--- DATA FOR ANALYSIS Enclosed Below ---

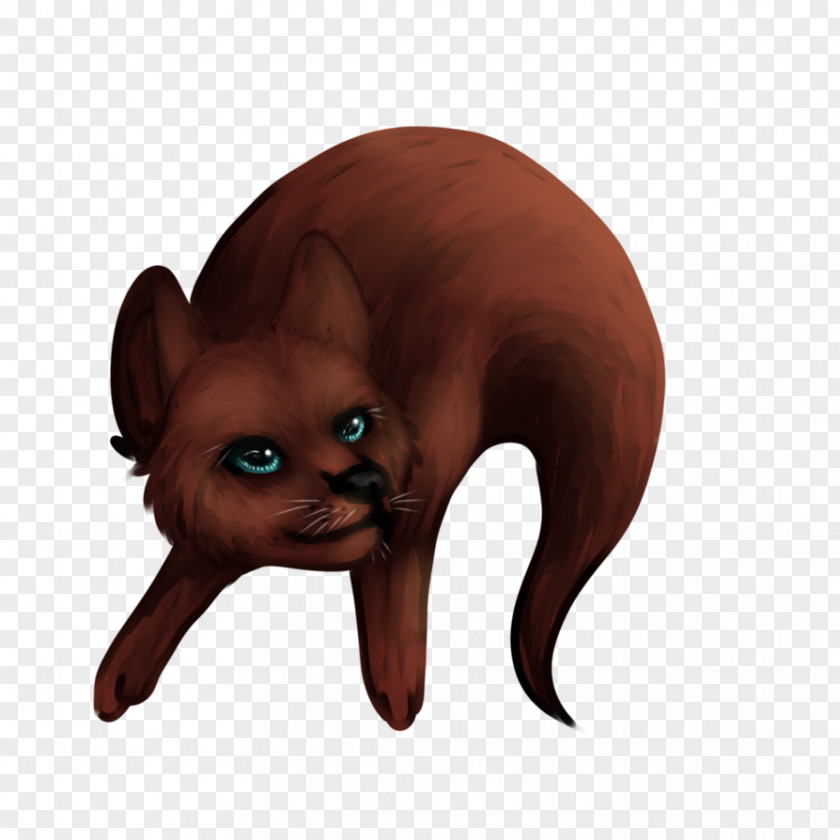 Demeritas Whiskers Red Fox Snout Cartoon PNG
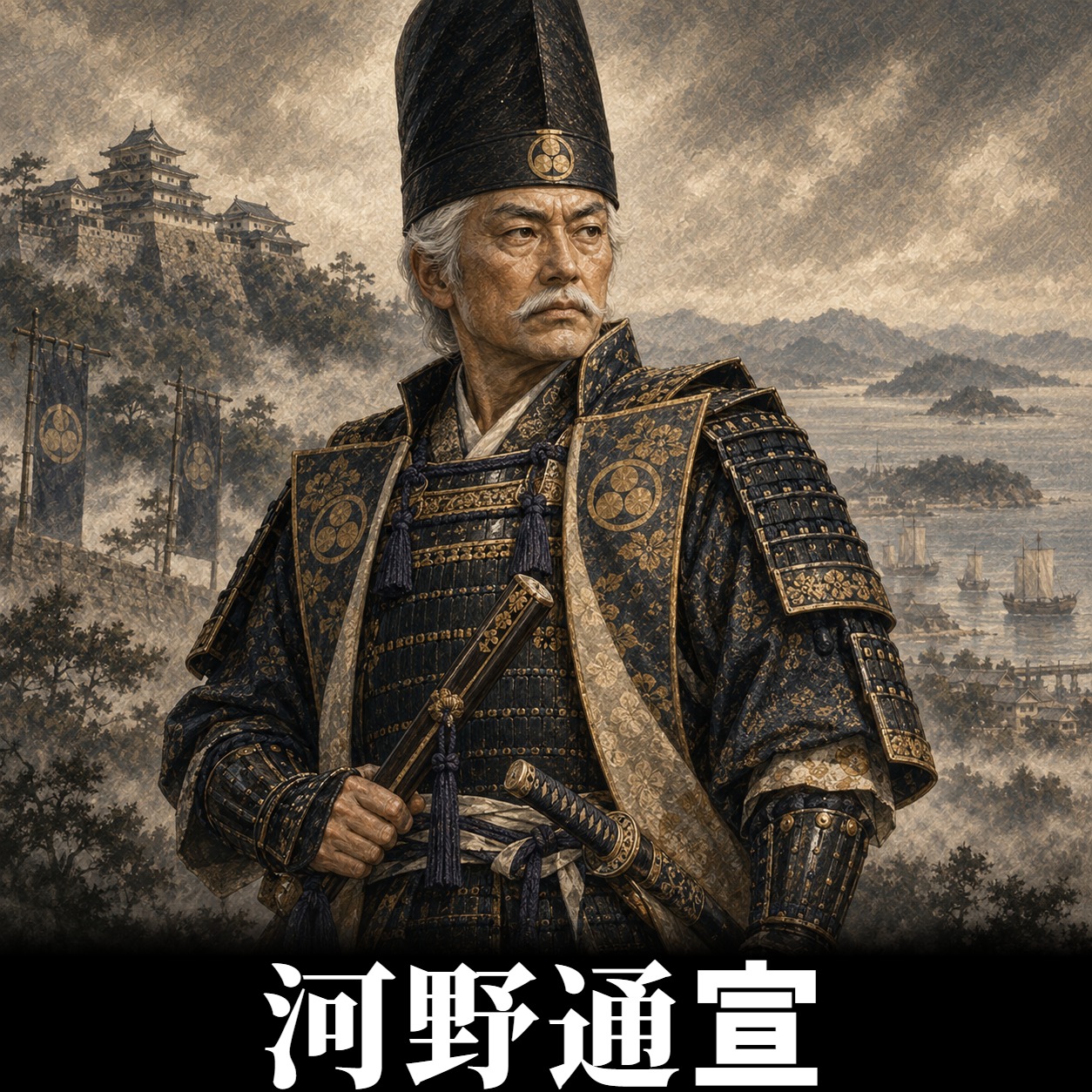 河野通宣
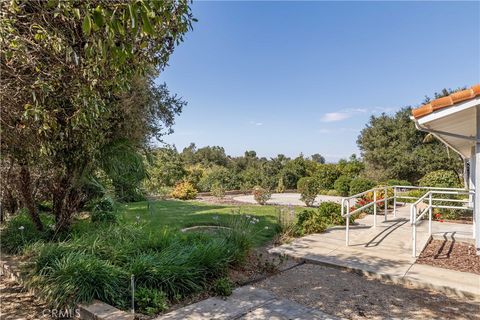 A home in Fallbrook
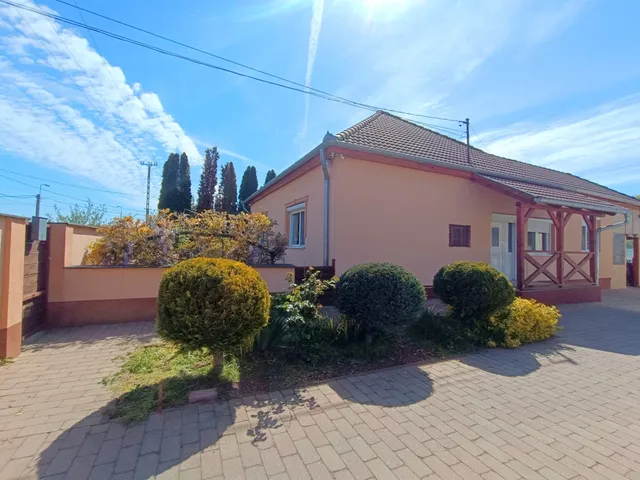 Eladó ház Nyíregyháza 140 nm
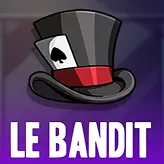 Le Bandit - Golden Panda
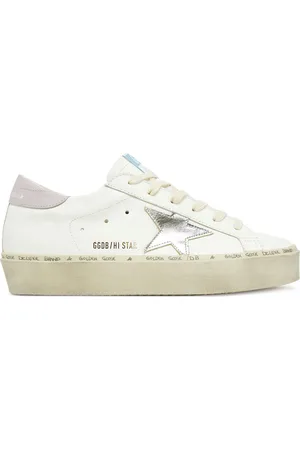 Golden Goose Sneakersy Hi Star Classic With List GWF00118.F006845.10527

--- End of Enclosed DATA FOR ANALYSIS ---

= DIRECTIONS FOR THIS TASK =
If an entry contains a picture, omit it; restate everything else word for word.

= WRITTEN REPLY =
 Demeritas Whiskers Red Fox Snout Cartoon PNG
 河野通宣
 A home in Fallbrook
 Eladó ház Nyíregyháza 140 nm
 Le Bandit - Golden Panda
 Golden Goose Sneakersy Hi Star Classic With List GWF00118.F006845.10527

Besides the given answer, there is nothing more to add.